Wetteloosheid en verkilde liefde

Gepubliceerd op 9 november 2020 om 11:57

In hoofdstuk 24 van het Mattheus-evangelie lezen we hoe Jezus spreekt over de tijd die voorafgaat aan zijn wederkomst. Over dit gedeelte is al veel gezegd, en zal waarschijnlijk nog veel gezegd worden. Nu één ding is zeker: Jezus schets een tijd die zal komen waarin het alles behalve gemakkelijk zal zijn om op de weg van God te blijven. Misschien is het wel al de tijd waarin wij nu leven? Hierover wil ik verder niet speculeren, maar één ding is zeker: Er wordt volharding gevraagd tot aan het einde. Dit impliceert overigens ook dat er gelovigen zullen zijn die jammer genoeg niet zullen volharden. En hierbij is me één vers in het bijzonder opgevallen, namelijk het vers dat zegt dat deze eindtijd gekenmerkt zal zijn door wetverachting. Wat blijkt: zij die niet volharden doen aan wetsverachting!

En omdat de wetsverachting toeneemt, zal de liefde van de meesten verkillen (vers 12)

Een vers waar we misschien wat gemakkelijk overheen lezen. wetsverachting en verkilde liefde. Het grondwoord voor wetsverachting wat Jezus hier gebruikt is: anomian wat je ook kan vertalen met wetteloosheid. Hetzelfde woord gebruikt Paulus ook in 2 Tess.2:3 waar hij ook spreekt over de eindtijd, de tijd voor de wederkomst van Christus. Paulus zegt dat in die tijd de mens der wetteloosheid zich zal openbaren. Concluderend kan je dus zeggen wanneer je de woorden van Jezus vergelijkt met die van Paulus, dat in de eindtijd, voorafgaand aan de wederkomst van Jezus er een grote toename zal zijn van wetteloosheid.

In Psalm 119 lezen we hoe koning David de wet van de Here aanprijst. Een paar citaten: Welzalig zij, die onberispelijk van wandel zijn, die in de wet des Heren gaan. (vers 1) De wet van uw mond is mij beter dan duizenden stukken goud en zilver (vers 72); Hoe lief heb ik uw wet!
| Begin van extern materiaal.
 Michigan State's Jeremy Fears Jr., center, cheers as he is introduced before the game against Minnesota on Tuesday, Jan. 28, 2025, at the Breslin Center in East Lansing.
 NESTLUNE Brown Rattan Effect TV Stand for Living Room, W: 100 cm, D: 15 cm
Zij is mijn overdenking de ganse dag (vers 97)

Het is duidelijk: de wet (Thora) van God is iets moois! Iets geweldigs! Het houden van Gods wet geeft zegen! En wetteloosheid is het tegenovergestelde hiervan. Maar hoe komt het dan toch dat velen bij het woordje wet denken aan iets negatiefs? Iets beklemmends? Iets wat je beperkt in je vrijheid?
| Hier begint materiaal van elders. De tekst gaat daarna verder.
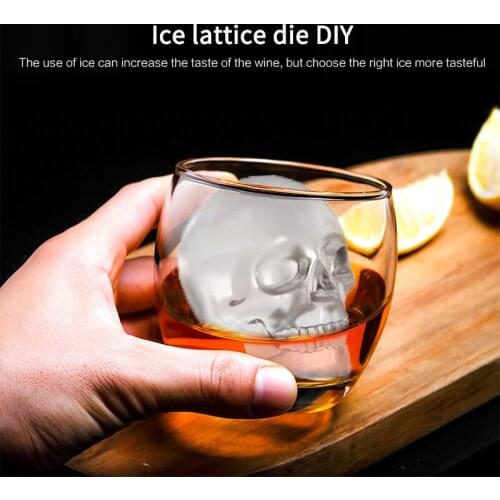 3D Skull Ice Tray Maker Bar Party Mold Silicone Chocolate Whiskey DIY Mould Home Bar Party Whiskey Wine Bar Tool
In de eerste plaats zou dit te maken kunnen hebben met onze geloofsleer waarin wij belijden dat wij niet gerechtvaardigd worden door het naleven van werken der wet maar door geloof alleen. En terecht. Wij kunnen door onze goede werken de hemel niet verdienen. En niemand is in staat om door het houden van de wet rechtvaardig voor God te worden. Nee wat dat betreft zijn wij volledig afhankelijk van het werk van Jezus Christus voor ons en in ons!

Maar je kan er ook in doorslaan! Christenen die zeggen: de wet? Daar hebben we niets meer mee te maken! We zijn nu vrij! De Heilige Geest zal ons wel ingeven wat goed is en niet goed. Jammer genoeg wordt dan de Heilige Geest nog wel eens verward met ons eigen menselijke geest. Immers wij worden dan wel niet gerechtvaardigd door het houden van de wet, maar de Schrift leert nergens dat Gods wet afgeschaft zou zijn!
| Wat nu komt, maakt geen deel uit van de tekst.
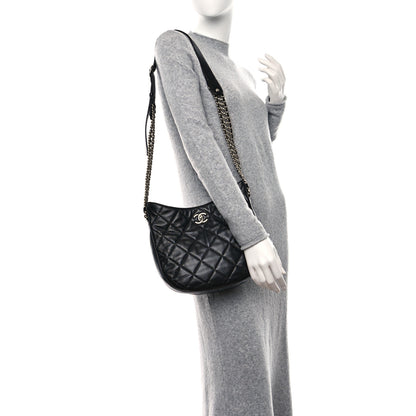 Chanel Lambskin Chain Rows Quilted Chain Hobo Black 2 of 11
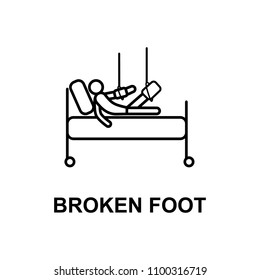 Broken Foot Icon. Element Of Treatment With Name For Mobile Concept And Web Apps. Thin Line Broken Foot Icon Can Be Used For Web And Mobile. Premium Icon On White Background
Zoals velen wel zullen weten heeft met name de reformator Maarten Luther een grote rol gespeeld in de herontdekking van het gegeven dat de mens niet gerechtvaardigd wordt uit werken der wet, maar door geloof. Door sommigen wordt dit echter uitgelegd alsof Luther zou leren dat de wet voor de gelovigen geheel is afgeschaft. Dat Luther dit zeker niet bedoelde blijkt uit het volgende citaat uit één van zijn werken die hij schreef als antwoord op hen zie zoiets beweerden, de zogenaamde Antinomisten (anti-wetonderhouders). Hier volgt het citaat:

Christus heeft, doordat Hij zich vrijwillig aan de wet onderwierp en de gehele vloek van de wet verdroeg, aan hen die in Hem geloofden de heilige Geest gegeven; deze Geest drijft hen ertoe dat zij al in dit leven beginnen de wet te vervullen; in het toekomstige leven zal de gehoorzaamheid ten opzichte van de wet in hen zeer lieflijk en volmaakt zijn, zodat zij de wet met lichaam en ziel zullen vervullen, zoals nu al de engelen doen (WA 39 I, 364)

Een andere factor die een rol kan spelen bij de afkeer van Gods wet is een heel andere: Deze factor heeft naar mijn mening niets te maken met de wet op zichzelf maar veel meer met de manier waarop wij mensen de wet toepassen. Dit probleem speelde al in de tijd van Jezus. Met name bij sommige Schriftgeleerden en Farizeeën. Met Gods wet in de hand deden zij zich uiterlijk voor als brave heilige mensen die het beter deden dan de zondaars waar zij op neerkeken. Jezus doorziet echter hun huichelarij en zegt tegen hen:

Wee u, schriftgeleerden en Farizeeën, gij huichelaars, want gij gelijkt op gewitte graven, die van buiten wel schoon schijnen, maar van binnen vol zijn van doodsbeenderen en allerlei onreinheid. Zo ook gij, van buiten schijnt gij de mensen wel rechtvaardig, doch van binnen zijt gij vol huichelarij en wetsverachting (Mat.23:27-28).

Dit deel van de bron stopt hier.